After a certain period of time, the realities become apparent and expectations fall in line with what is actually possible in terms of the advance of each technology.
Here the old advice of buying cheap and selling expensive does apply. You must not be fooled by technologies that are too promising to be true.
Your technological background and perhaps the experience of past mistakes must provide sufficient criteria to define the limits of the technologies, to judge for yourself and realistically evaluate the potential of each of them. Here I would challenge you to identify realistic applications.
It is in the depression of disappointment that the opportunities lie. Take advantage of your business knowledge, the knowledge of your market and your own capabilities, and anticipate the impact of each of these technologies, investing in those that have proven their worth in the previous stage.
Innovate with intelligence.
Innovation is not without risks. All management teams must balance the financing of promising ideas for new products with the taking of risks.

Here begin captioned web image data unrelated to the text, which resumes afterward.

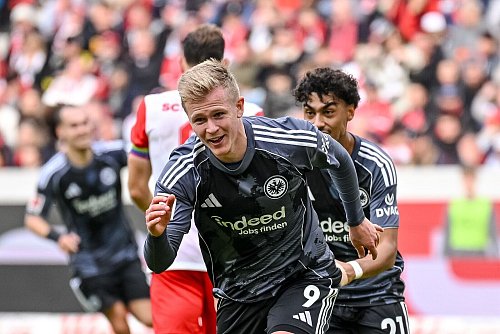 Traf für Frankfurt doppelt in Freiburg, zum Eintracht-Sieg reichte es aber nicht: Stürmer Jonathan Burkardt. - © Harry Langer/dpa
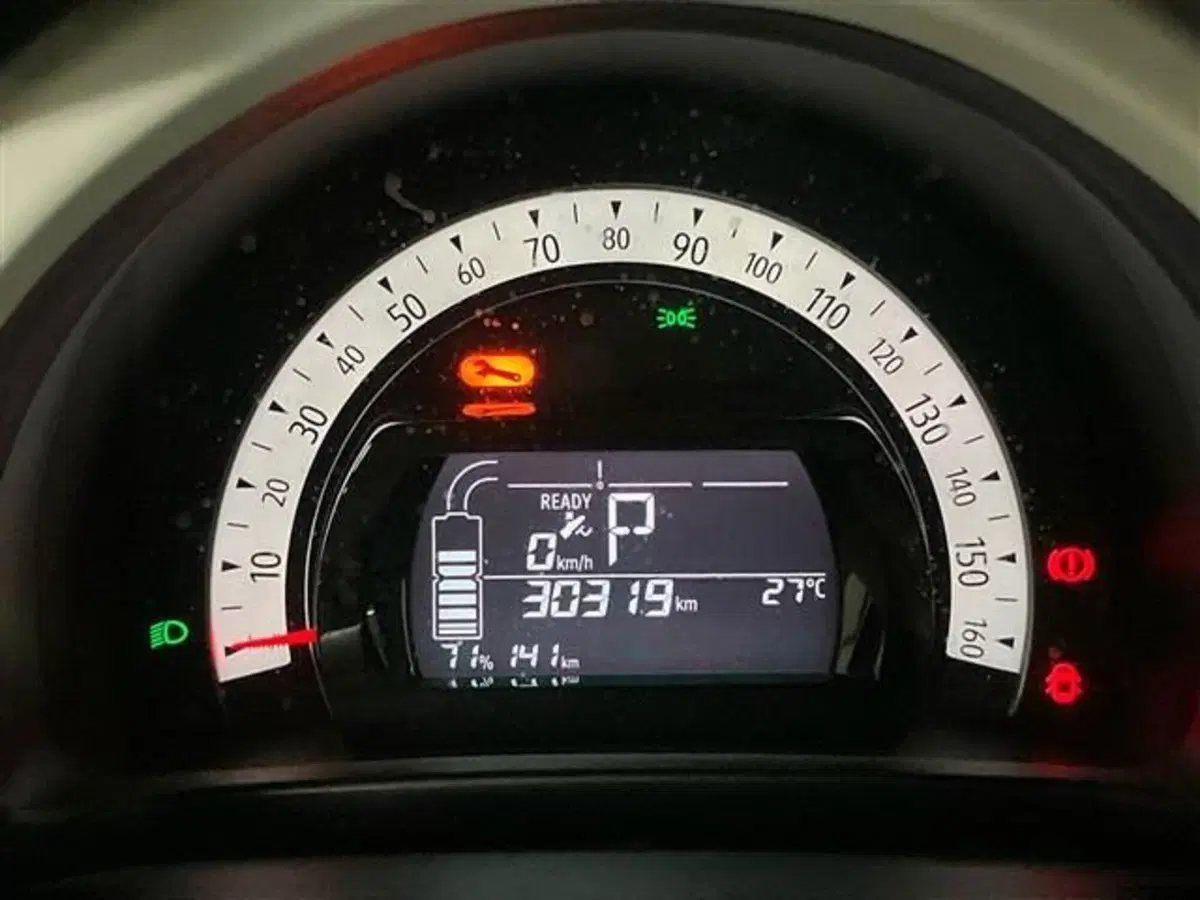 Renault Twingo usata a Como (14)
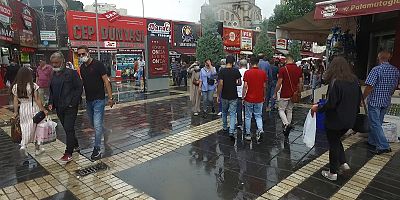 Yağmurdan Kaçan Kendini Çarşı'da Buldu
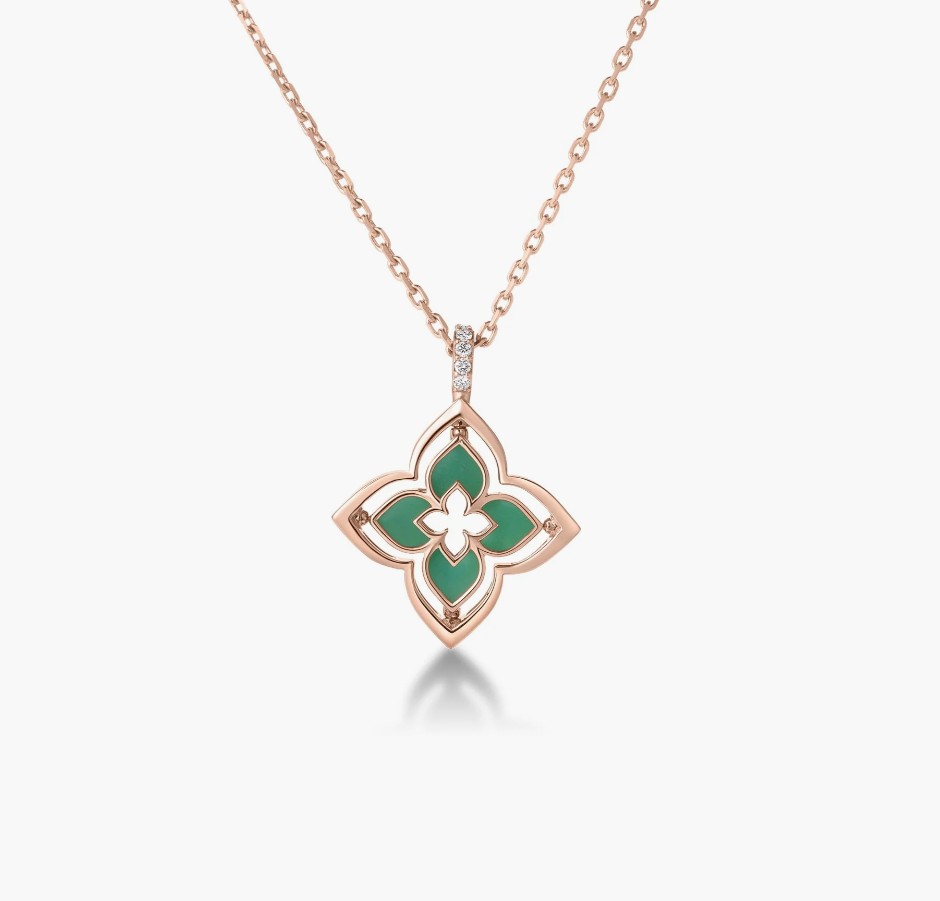 18Kt Rose Gold Pirouette Chrysoprase Necklace With (25) Round Diamonds Weighing 0.15cttw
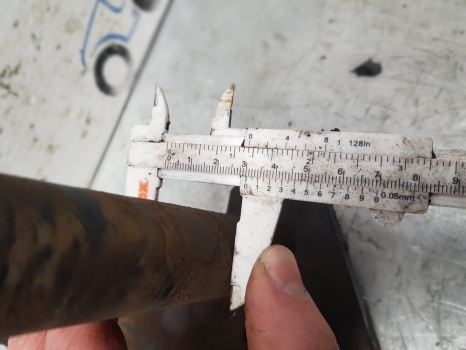 New Holland T4, T5, T5000 T5.95 Lift Assist Cylinder Bracket Rhs 5182277 - Гидравлический цилиндр для Тракторов: фото 4 New Holland T4, T5, T5000 T5.95 Lift Assist Cylinder Bracket Rhs 5182277 - Гидравлический цилиндр для Тракторов: фото 4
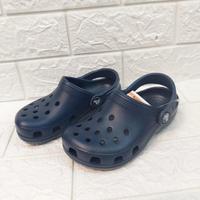 Gambar Sandal Crocs Classic Clog Unisex Original Crocs Pria-biru, 36 dari San ly chin undefined 4 Tokopedia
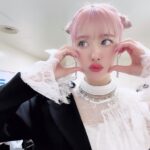 Miyabi Natsuyaki Instagram - I today🐼❤️ 写真いっぱい撮ったから のせちゃお🍒 こちらでも ライブの感想まってる🎀💕 今のマツエクよく見ると さりげなくピンク入ってて かわいいの🩷 @kokeshi0927 こけちゃんてんきゅ🩷 髪色ピンクが好評みたいで うれしい🍒💕 @maria_bigami ﾏﾘｱﾅてんきゅ🩵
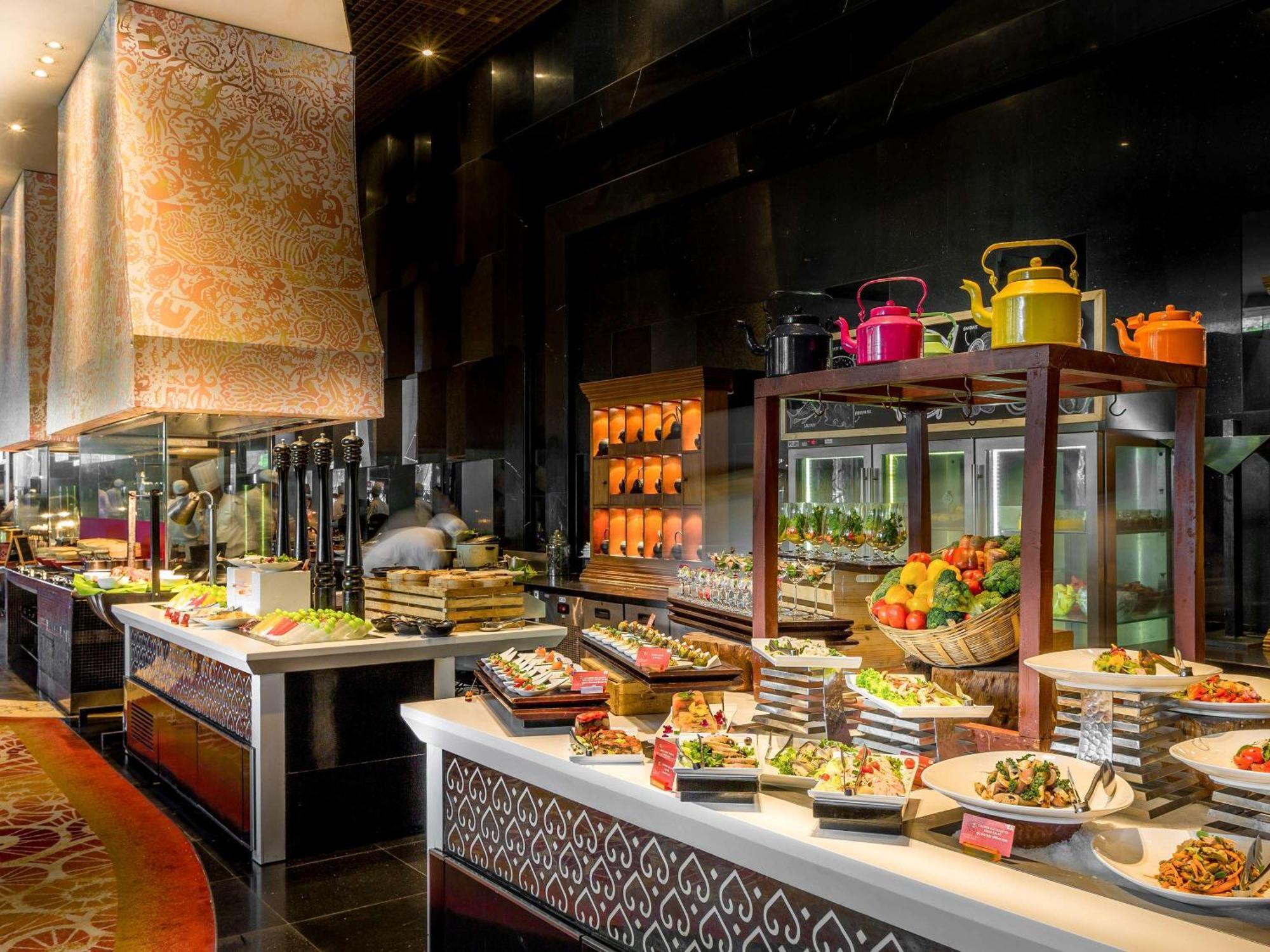 Sofitel Mumbai Bkc Hotel Eksteriør billede The buffet at the restaurant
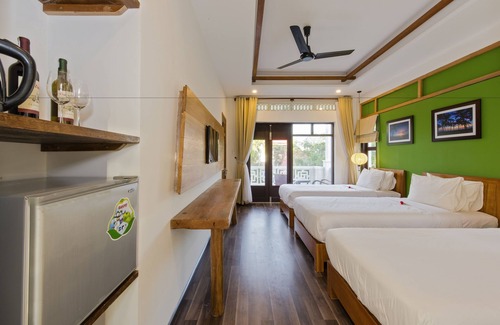 Cam An Hotel | An Bang Beach Villas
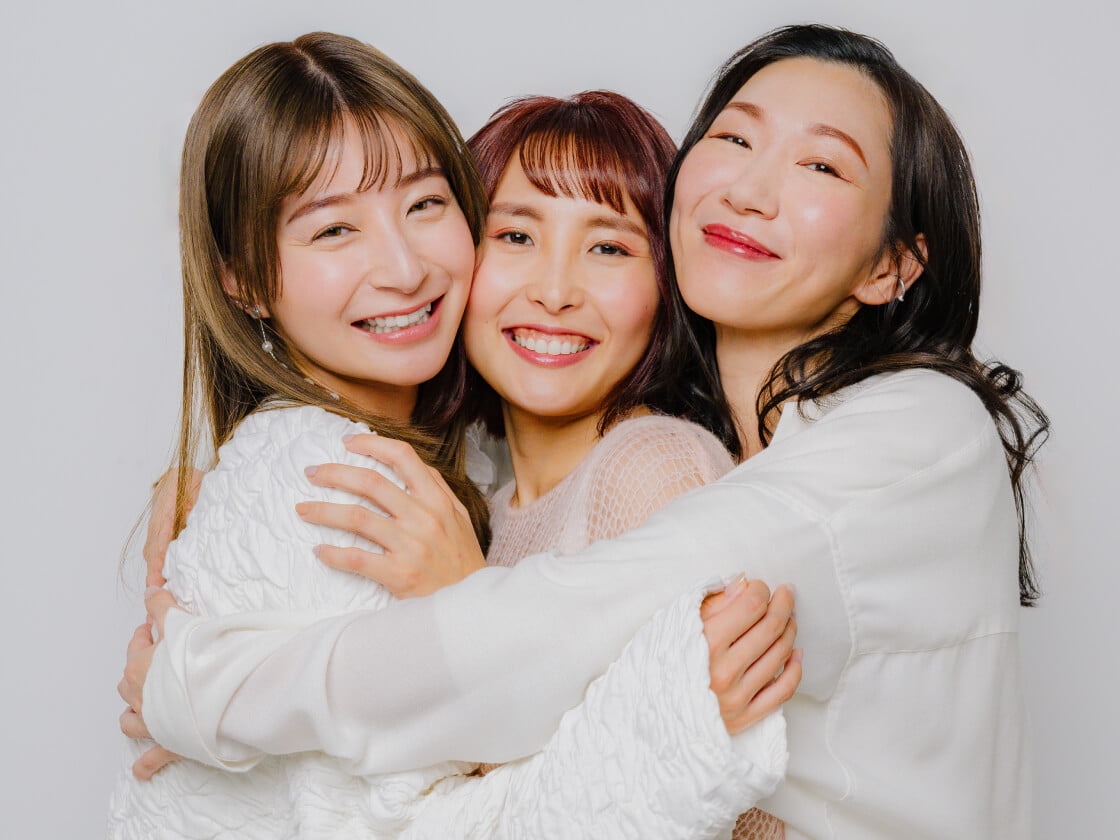女性三人の写真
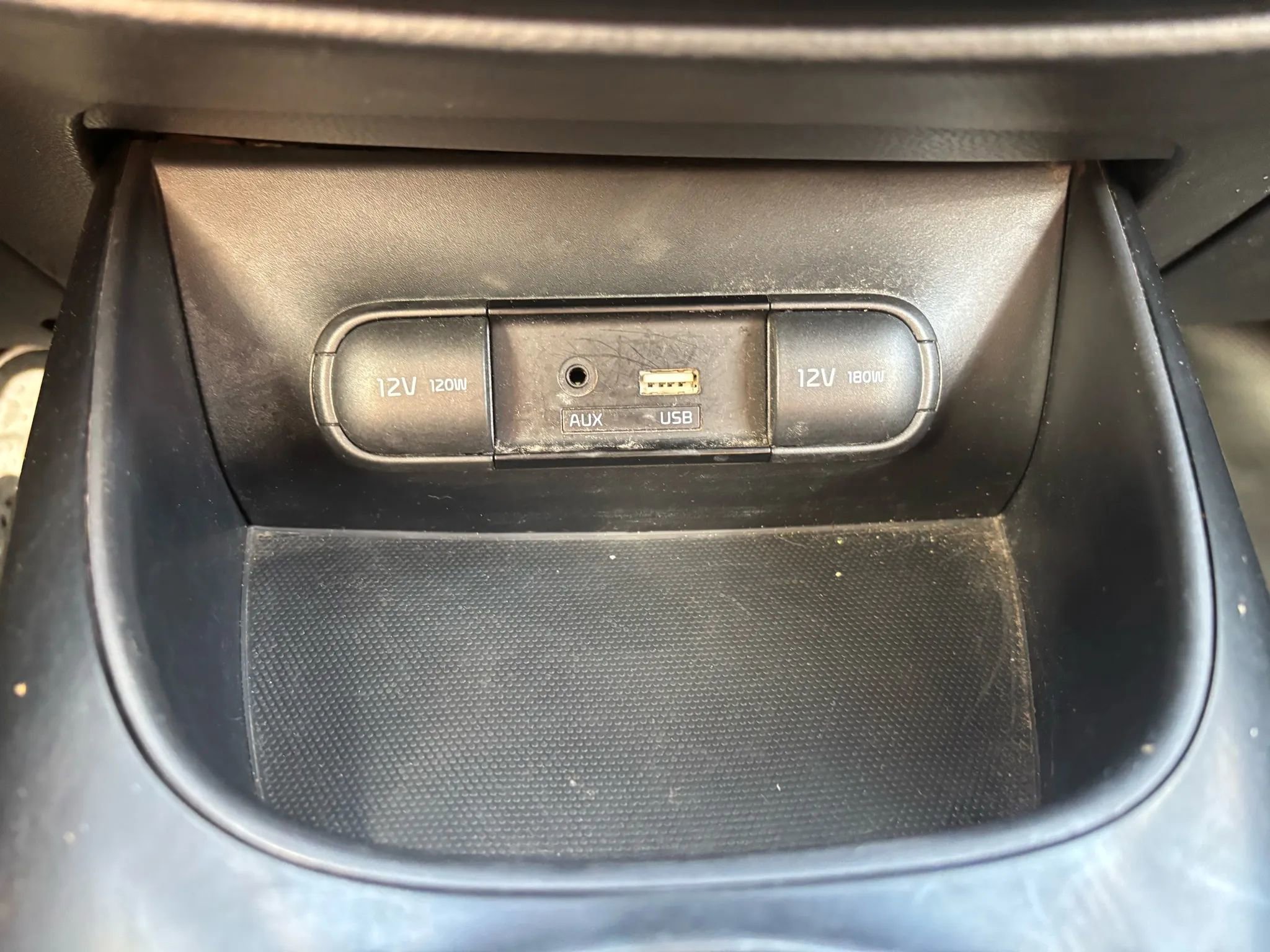 Used 2019 Kia Soul image 16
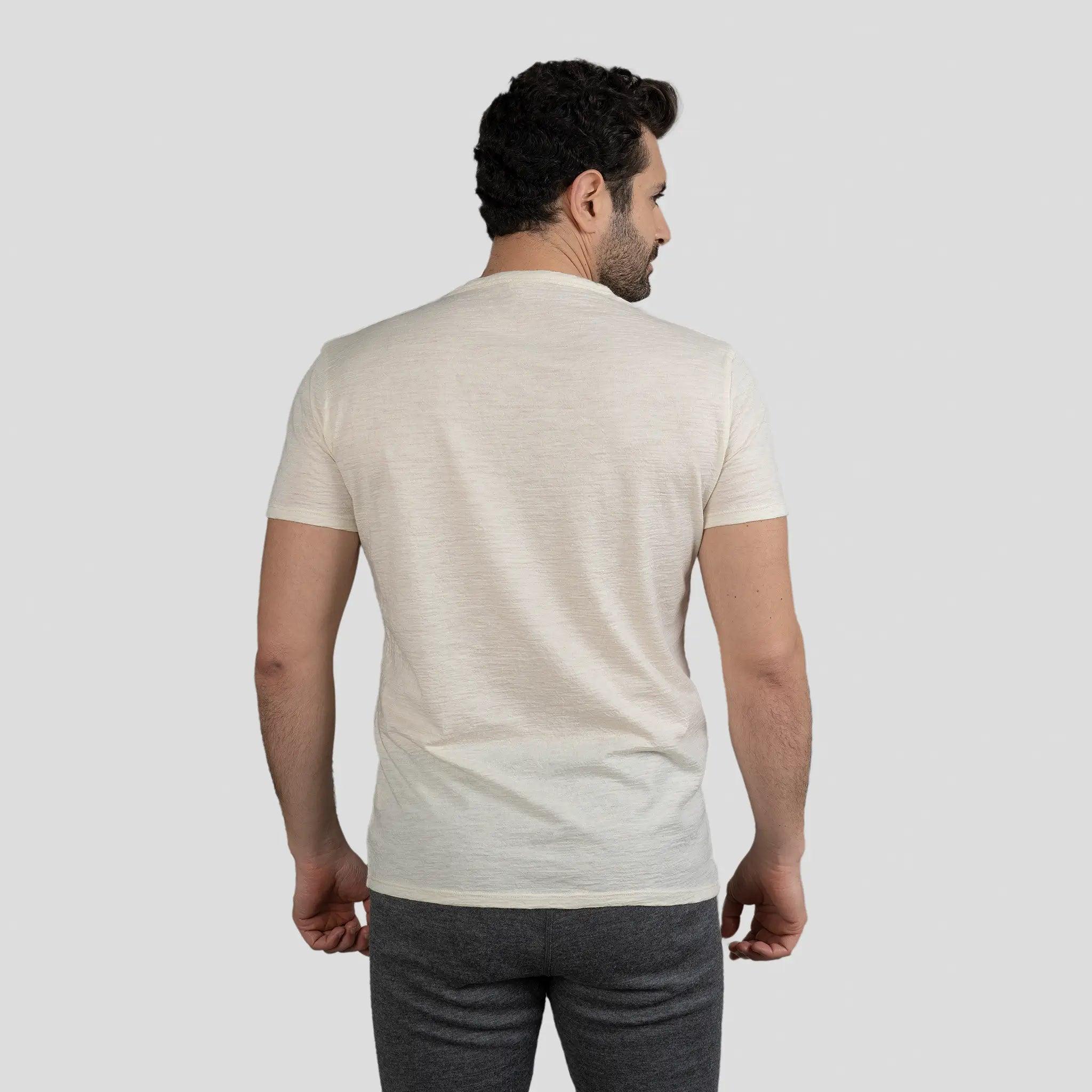 Men's Alpaca Wool T-Shirt: 160 Ultralight V-Neck - Image 12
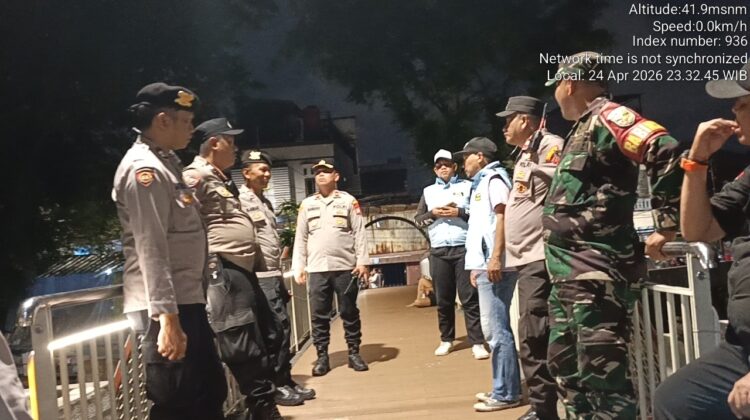 Polsek Metro Menteng Sisir Malam Jalan Kalipasir Menteng, Patroli Jalan Kaki Tekan Potensi Kejahatan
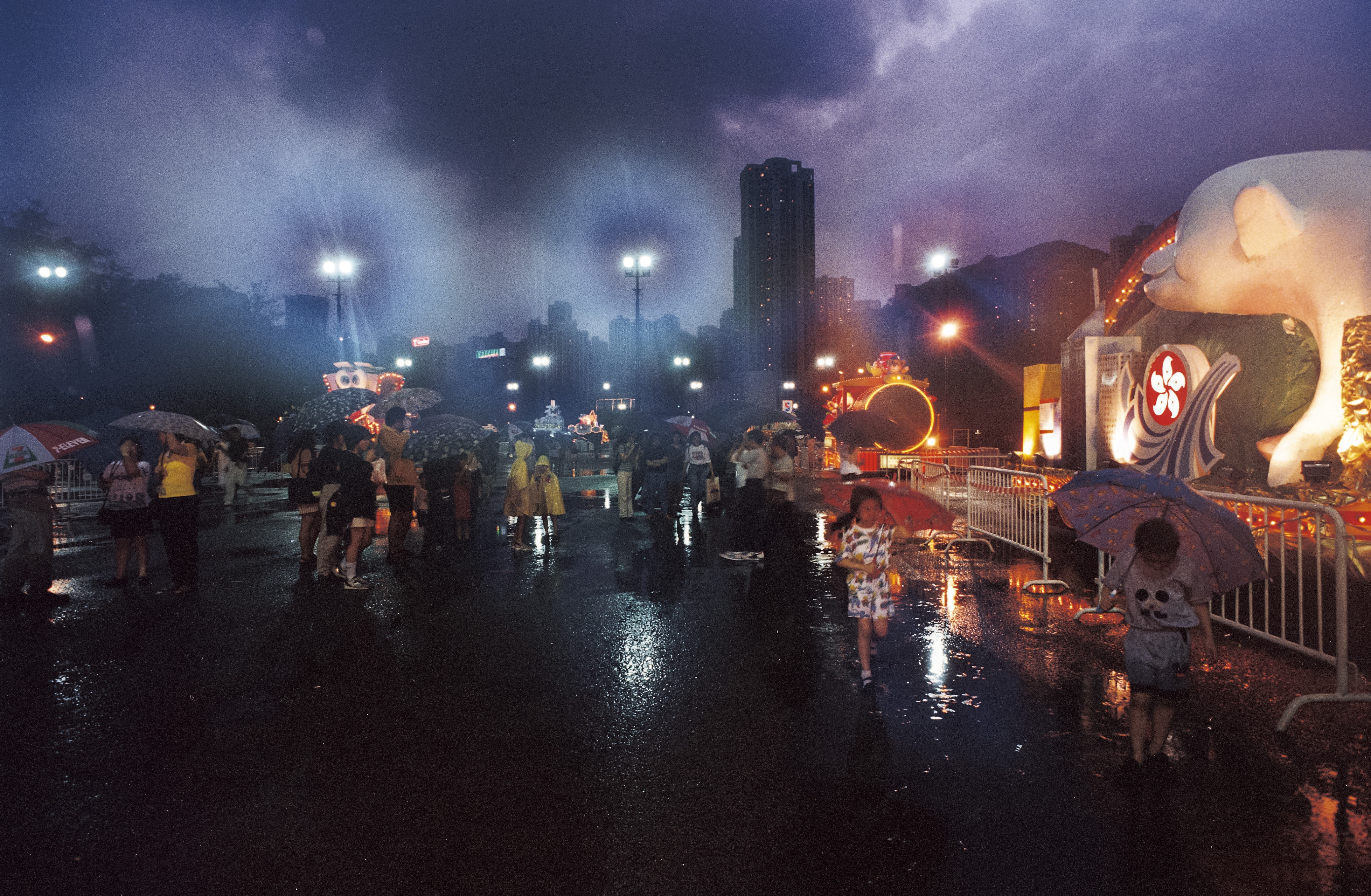 回歸年 97年七一天氣極惡劣黑雨襲港山泥傾瀉 香港01 社會新聞 回歸年 97年七一天氣極惡劣黑雨襲港山泥傾瀉 香港01 社會新聞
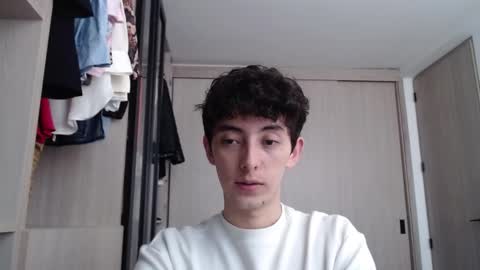 Snapshot of mikebelf4 chatting on March 3, 10:10 pm Mikebelf4 online show from March 3, 10:10 pm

This is calculated risk management, which in my view should focus on committing to those transformation challenges that provide long-term strategic value instead of focusing on the uncertainties or on the identification of risks.
And of course you must define the exit factors, which allow you to objectively decide when to abandon the venture or how far to go with your big investments.
If it still seems too difficult,
I would recommend “Integrating Problem Solvers from Analogous Markets in New Product Ideation” by Franke, Poetz, and Schreier and suggest you reflect on the question:
Who provides better inputs when it comes to devising new products, experts with a lot of experience in a specific business area or the “problem solvers” in distant “analogous” markets but who share similar problems and needs?
At IKOR we work for sectors as diverse as the automotive industry and medicine, providing solutions throughout the life cycle of the products.